ACTIVITY. Reproduce exactly, and solely, the lines running from the top of the data below through the line with "So hopefully I've", both inclusive. Omit pictures.

AVAILABLE DATA.
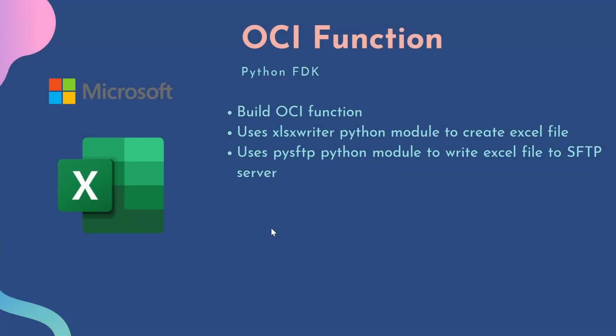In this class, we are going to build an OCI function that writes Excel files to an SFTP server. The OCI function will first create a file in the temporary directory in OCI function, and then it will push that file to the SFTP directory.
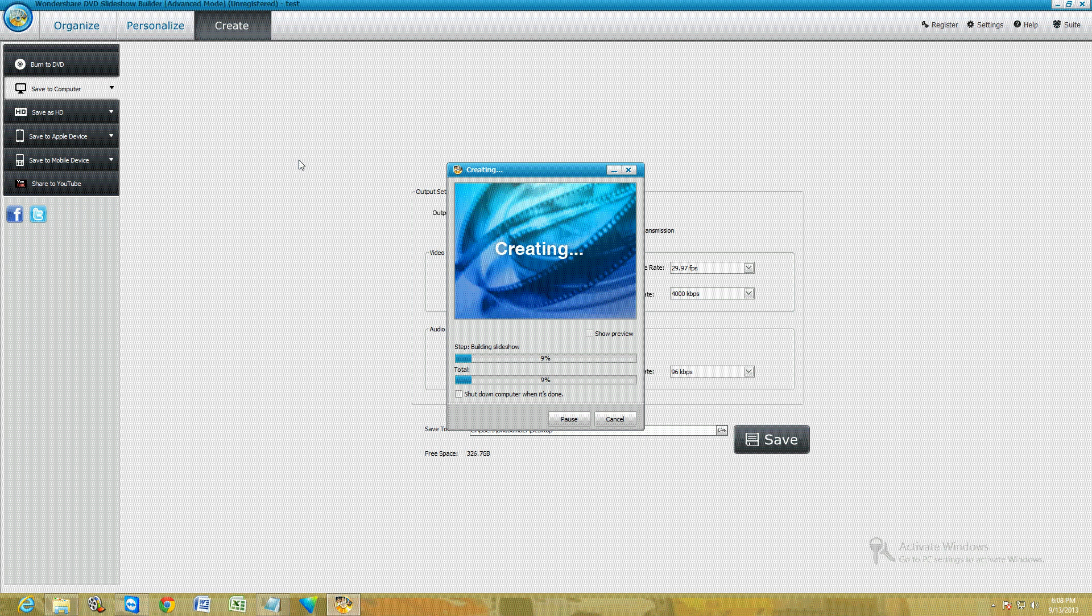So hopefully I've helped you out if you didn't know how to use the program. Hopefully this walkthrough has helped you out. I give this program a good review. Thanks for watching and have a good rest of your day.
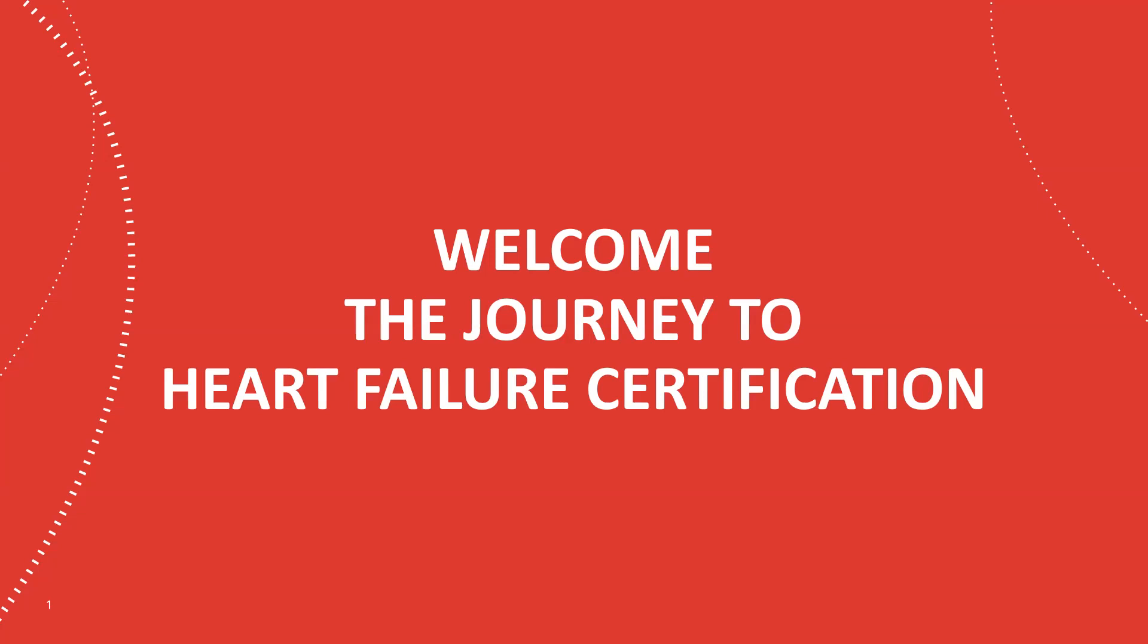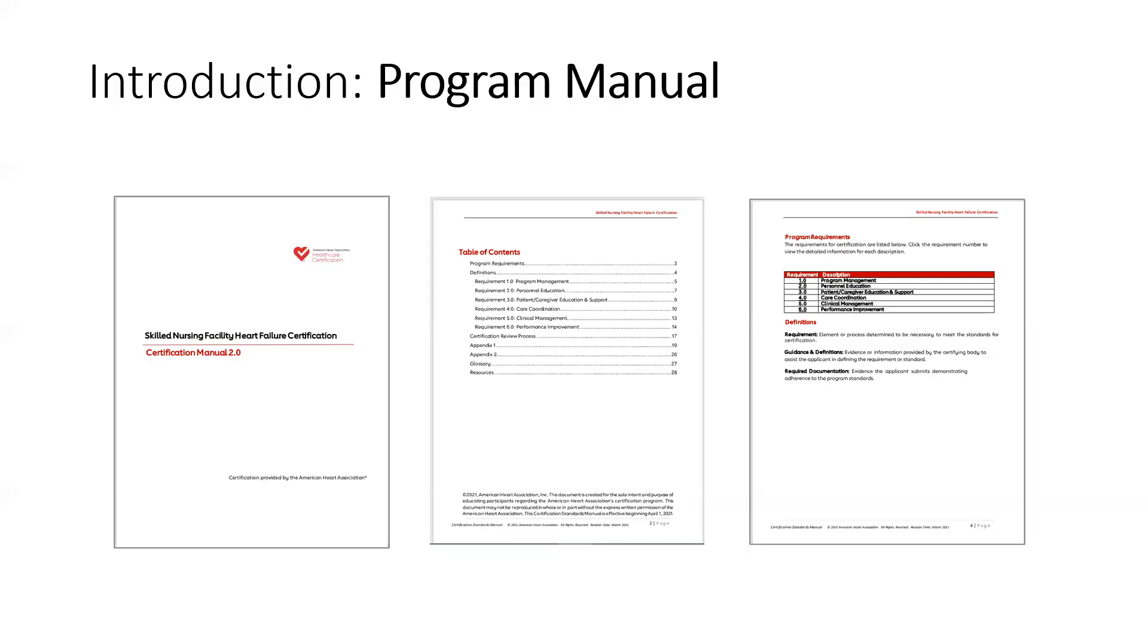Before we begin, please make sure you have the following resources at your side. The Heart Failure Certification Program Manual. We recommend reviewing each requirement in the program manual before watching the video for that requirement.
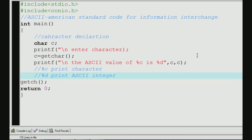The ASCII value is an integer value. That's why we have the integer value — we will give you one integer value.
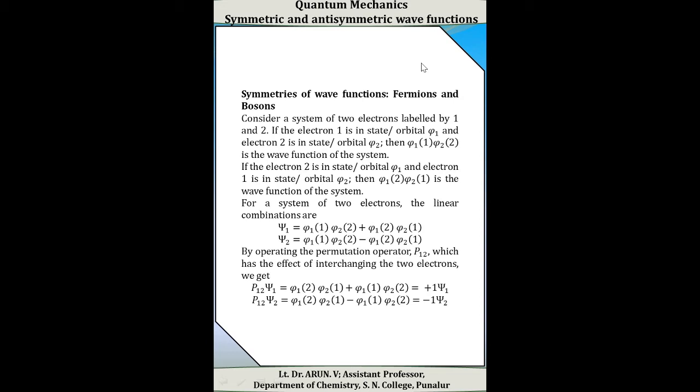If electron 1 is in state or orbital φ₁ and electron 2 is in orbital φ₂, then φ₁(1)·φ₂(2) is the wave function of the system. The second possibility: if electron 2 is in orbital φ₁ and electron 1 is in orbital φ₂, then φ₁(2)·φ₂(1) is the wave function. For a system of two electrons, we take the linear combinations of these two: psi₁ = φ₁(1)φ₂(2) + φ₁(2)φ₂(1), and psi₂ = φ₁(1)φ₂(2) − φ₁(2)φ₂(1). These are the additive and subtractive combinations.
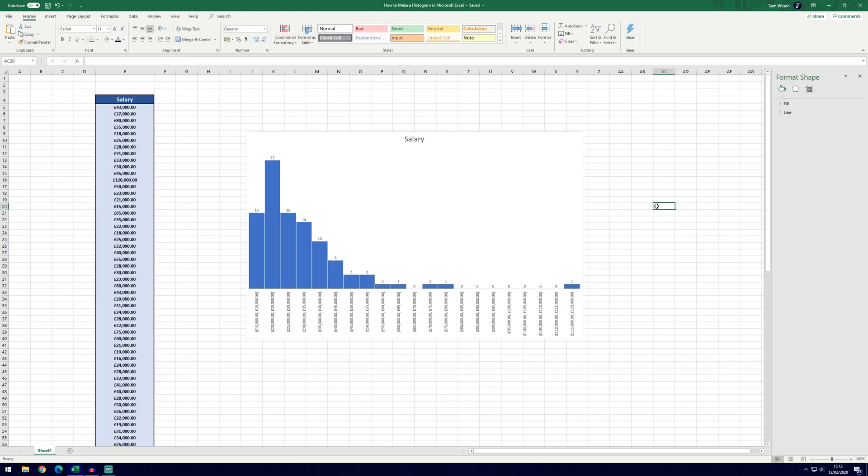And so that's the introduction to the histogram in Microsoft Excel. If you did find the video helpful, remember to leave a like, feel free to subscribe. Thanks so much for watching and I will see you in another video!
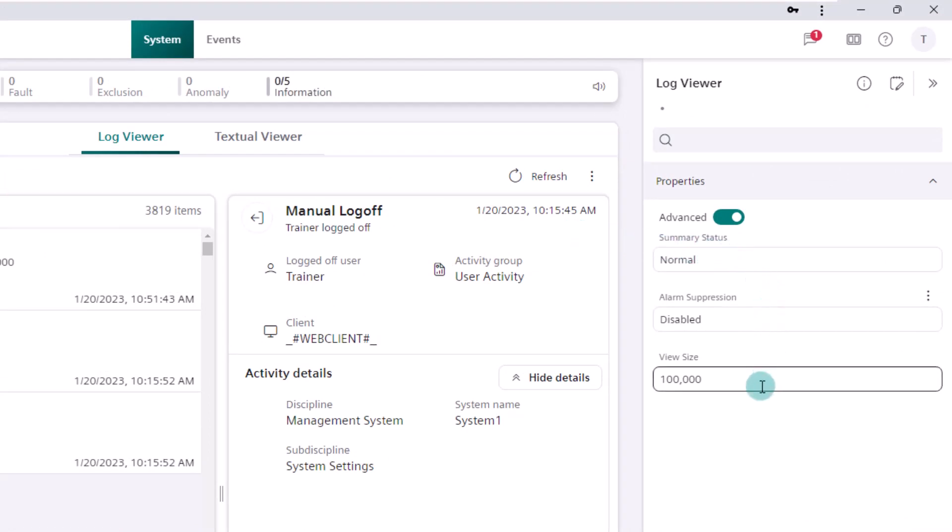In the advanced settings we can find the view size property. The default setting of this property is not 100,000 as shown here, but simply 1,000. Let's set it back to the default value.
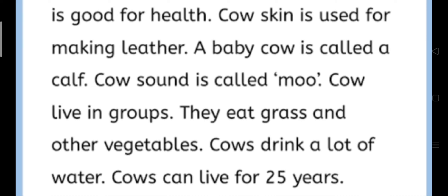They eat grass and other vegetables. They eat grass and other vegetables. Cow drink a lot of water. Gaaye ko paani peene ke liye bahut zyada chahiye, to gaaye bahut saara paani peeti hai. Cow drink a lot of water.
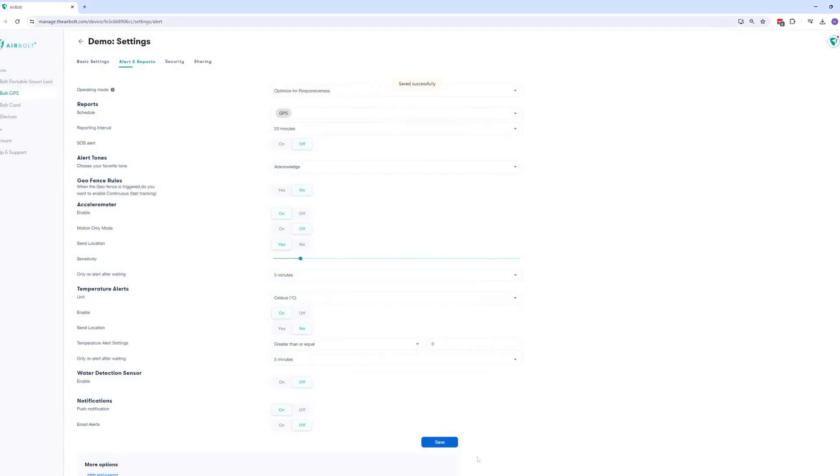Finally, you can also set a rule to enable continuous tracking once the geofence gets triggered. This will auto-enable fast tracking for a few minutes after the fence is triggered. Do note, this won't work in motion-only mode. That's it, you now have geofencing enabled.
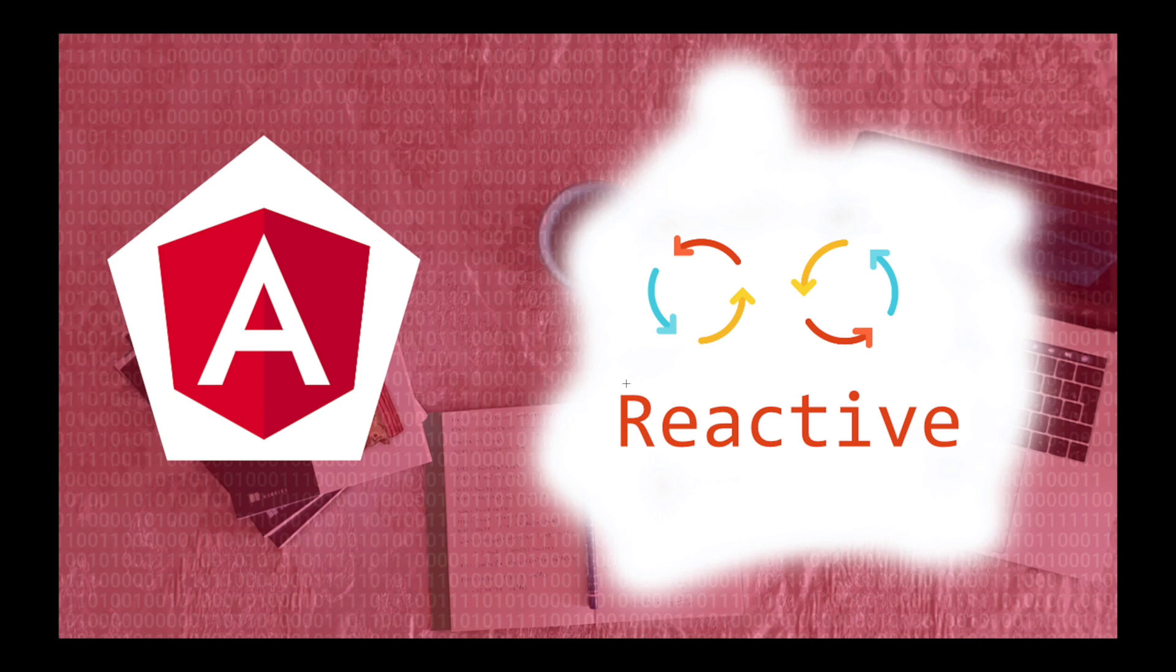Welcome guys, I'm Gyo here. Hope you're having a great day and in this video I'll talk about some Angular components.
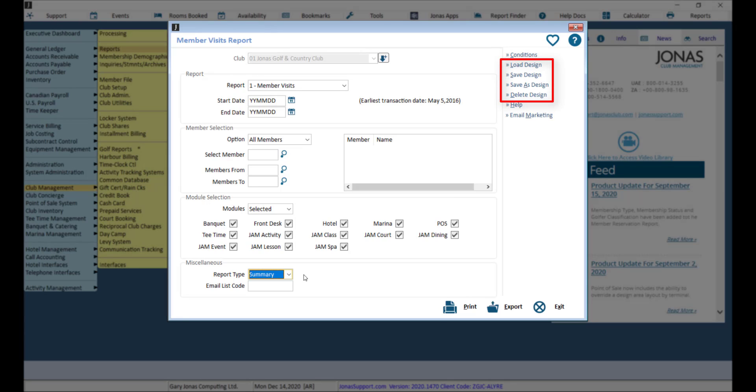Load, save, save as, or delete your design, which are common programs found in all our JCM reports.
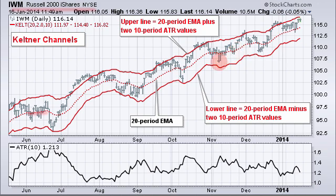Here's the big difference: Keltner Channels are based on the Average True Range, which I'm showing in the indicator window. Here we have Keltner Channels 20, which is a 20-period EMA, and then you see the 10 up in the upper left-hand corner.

SOLUTION FOR THIS TASK.
In this class, we are going to build an OCI function that writes Excel files to an SFTP server. The OCI function will first create a file in the temporary directory in OCI function, and then it will push that file to the SFTP directory.
So hopefully I've helped you out if you didn't know how to use the program. Hopefully this walkthrough has helped you out. I give this program a good review. Thanks for watching and have a good rest of your day.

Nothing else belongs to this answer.